Young people from families of modest means face a Catch-22: without a college education, they are condemned to a life of poor prospects; with a college education, they may be condemned to a lifetime of living at the brink. And increasingly even a college degree isn't enough; one needs either a graduate degree or a series of (often unpaid) internships. Those at the top have the connections and social capital to get those opportunities. Those in the middle and bottom don't. The point is that no one makes it on his or her own. And those at the top get more help from their families than do those lower down on the ladder. Government should help to level the playing field.
Americans are coming to realize that their cherished narrative of social and economic mobility is a myth. Grand deceptions of this magnitude are hard to maintain for long - and the country has already been through a couple of decades of self-deception.
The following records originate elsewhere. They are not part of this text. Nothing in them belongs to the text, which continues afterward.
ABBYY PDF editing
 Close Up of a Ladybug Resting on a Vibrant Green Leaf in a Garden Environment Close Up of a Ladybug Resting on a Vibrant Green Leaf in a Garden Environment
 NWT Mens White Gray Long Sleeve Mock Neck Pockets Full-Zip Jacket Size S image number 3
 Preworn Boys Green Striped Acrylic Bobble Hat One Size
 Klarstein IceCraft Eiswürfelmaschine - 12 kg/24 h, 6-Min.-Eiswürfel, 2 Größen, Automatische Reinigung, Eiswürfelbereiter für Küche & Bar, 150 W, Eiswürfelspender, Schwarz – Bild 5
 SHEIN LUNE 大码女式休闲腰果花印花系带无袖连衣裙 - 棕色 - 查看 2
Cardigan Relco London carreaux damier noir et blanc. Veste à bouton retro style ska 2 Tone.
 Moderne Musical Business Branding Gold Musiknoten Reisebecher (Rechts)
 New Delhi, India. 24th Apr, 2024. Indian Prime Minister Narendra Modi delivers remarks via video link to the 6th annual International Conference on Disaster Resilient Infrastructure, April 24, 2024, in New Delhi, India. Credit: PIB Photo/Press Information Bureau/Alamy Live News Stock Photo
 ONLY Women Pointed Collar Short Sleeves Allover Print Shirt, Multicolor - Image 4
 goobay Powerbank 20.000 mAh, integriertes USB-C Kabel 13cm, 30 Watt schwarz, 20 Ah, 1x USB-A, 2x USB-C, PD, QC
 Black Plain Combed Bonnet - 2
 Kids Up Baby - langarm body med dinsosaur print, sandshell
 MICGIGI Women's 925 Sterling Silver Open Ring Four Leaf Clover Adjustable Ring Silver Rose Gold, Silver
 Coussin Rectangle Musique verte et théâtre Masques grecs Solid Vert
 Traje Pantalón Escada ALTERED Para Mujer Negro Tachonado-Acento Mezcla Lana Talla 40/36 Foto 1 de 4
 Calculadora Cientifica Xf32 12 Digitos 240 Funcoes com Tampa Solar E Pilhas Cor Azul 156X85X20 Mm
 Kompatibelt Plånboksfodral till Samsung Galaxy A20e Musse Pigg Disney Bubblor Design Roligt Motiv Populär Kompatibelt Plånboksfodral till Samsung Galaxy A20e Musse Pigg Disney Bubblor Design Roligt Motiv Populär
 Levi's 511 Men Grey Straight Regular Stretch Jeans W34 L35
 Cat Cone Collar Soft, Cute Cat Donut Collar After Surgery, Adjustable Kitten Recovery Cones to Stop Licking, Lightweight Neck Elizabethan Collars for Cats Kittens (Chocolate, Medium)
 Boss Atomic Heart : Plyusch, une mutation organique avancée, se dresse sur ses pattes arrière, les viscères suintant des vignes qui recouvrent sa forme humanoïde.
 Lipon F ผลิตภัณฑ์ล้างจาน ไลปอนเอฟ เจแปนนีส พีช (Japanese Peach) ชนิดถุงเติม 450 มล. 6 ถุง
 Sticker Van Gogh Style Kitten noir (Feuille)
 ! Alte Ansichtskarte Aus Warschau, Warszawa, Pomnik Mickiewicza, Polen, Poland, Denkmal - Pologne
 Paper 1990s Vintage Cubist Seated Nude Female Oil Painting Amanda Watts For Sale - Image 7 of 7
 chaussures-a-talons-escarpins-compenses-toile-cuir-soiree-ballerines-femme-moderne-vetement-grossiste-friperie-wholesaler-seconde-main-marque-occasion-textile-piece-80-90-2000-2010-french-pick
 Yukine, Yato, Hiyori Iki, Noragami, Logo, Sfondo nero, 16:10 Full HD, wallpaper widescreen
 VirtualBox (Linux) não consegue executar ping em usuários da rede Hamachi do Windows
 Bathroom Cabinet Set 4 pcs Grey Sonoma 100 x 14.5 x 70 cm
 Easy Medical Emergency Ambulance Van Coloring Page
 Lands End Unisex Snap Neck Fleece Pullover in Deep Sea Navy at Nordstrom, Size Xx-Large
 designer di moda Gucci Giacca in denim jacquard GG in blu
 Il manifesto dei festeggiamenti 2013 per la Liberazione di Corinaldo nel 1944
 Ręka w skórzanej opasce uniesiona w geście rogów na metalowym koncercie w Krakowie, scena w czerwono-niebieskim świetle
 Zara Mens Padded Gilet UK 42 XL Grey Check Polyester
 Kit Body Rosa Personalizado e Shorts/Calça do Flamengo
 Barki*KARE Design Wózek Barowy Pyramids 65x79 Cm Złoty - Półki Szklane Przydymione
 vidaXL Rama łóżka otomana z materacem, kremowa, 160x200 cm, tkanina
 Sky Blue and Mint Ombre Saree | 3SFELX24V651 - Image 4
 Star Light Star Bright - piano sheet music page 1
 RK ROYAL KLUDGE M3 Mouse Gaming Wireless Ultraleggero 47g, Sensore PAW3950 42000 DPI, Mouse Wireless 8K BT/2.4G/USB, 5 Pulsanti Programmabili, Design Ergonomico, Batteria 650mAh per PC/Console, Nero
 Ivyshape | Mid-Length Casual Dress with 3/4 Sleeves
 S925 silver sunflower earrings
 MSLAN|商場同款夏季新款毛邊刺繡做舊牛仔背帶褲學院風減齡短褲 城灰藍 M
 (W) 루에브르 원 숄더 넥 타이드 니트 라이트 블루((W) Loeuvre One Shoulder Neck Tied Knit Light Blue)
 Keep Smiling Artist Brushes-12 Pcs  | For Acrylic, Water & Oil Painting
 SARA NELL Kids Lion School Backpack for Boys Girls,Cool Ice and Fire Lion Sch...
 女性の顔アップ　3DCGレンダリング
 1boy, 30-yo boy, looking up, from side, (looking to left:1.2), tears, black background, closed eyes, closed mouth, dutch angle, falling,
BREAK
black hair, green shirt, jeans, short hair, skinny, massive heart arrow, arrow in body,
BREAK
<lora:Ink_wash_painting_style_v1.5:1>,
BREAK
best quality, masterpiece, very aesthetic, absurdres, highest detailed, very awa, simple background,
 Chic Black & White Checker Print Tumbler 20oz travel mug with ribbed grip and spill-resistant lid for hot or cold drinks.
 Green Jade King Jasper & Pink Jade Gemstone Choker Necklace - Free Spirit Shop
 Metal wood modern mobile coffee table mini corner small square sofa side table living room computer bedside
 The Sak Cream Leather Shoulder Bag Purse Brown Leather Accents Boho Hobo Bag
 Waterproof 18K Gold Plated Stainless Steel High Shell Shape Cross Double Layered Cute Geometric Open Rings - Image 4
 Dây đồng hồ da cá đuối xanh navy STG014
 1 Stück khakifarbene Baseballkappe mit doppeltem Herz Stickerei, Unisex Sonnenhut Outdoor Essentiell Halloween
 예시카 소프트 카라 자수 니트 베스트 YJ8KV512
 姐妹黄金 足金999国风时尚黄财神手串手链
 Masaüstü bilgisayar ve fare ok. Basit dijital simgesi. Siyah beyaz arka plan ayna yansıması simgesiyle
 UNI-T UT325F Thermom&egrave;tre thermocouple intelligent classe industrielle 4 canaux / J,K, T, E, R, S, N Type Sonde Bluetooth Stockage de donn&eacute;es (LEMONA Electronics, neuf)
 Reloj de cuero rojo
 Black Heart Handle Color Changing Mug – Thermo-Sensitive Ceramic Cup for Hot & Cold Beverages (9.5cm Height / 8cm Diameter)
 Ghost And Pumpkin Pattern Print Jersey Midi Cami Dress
Without substantial policy changes, our self-image, and the image we project to the world, will diminish - and so will our economic standing and stability. Inequality of outcomes and inequality of opportunity reinforce each other - and contribute to economic weakness, as Alan B. Krueger, a Princeton economist and the chairman of the White House Council of Economic Advisers, has emphasized. We have an economic, and not only moral, interest in saving the American dream.
Policies that promote equality of opportunity must target the youngest Americans. First, we have to make sure that mothers are not exposed to environmental hazards and get adequate prenatal health care. Then, we have to reverse the damaging cutbacks to preschool education, a theme Mr. Obama emphasized on Tuesday. We have to make sure that all children have adequate nutrition and health care - not only do we have to provide the resources, but if necessary, we have to incentivize parents, by coaching or training them or even rewarding them for being good caregivers. The right says that money isn't the solution. They've chased reforms like charter schools and private-school vouchers, but most of these efforts have shown ambiguous results at best. Giving more money to poor schools would help. So would summer and extracurricular programs that enrich low-income students' skills.
Finally, it is unconscionable that a rich country like the United States has made access to higher education so difficult for those at the bottom and middle. There are many alternative ways of providing universal access to higher education, from Australia's income-contingent loan program to the near-free system of universities in Europe. A more educated population yields greater innovation, a robust economy and higher incomes - which mean a higher tax base. Those benefits are, of course, why we've long been committed to free public education through 12th grade. But while a 12th-grade education might have sufficed a century ago, it doesn't today. Yet we haven't adjusted our system to contemporary realities.
The steps I've outlined are not just affordable but imperative. Even more important, though, is that we cannot afford to let our country drift farther from ideals that the vast majority of Americans share. We will never fully succeed in achieving Mr. Obama's vision of a poor girl's having exactly the same opportunities as a wealthy girl. But we could do much, much better, and must not rest until we do.
Joseph E. Stiglitz, a Nobel laureate in economics, a professor at Columbia and a former chairman of the Council of Economic Advisers and chief economist for the World Bank, is the author of "The Price of Inequality."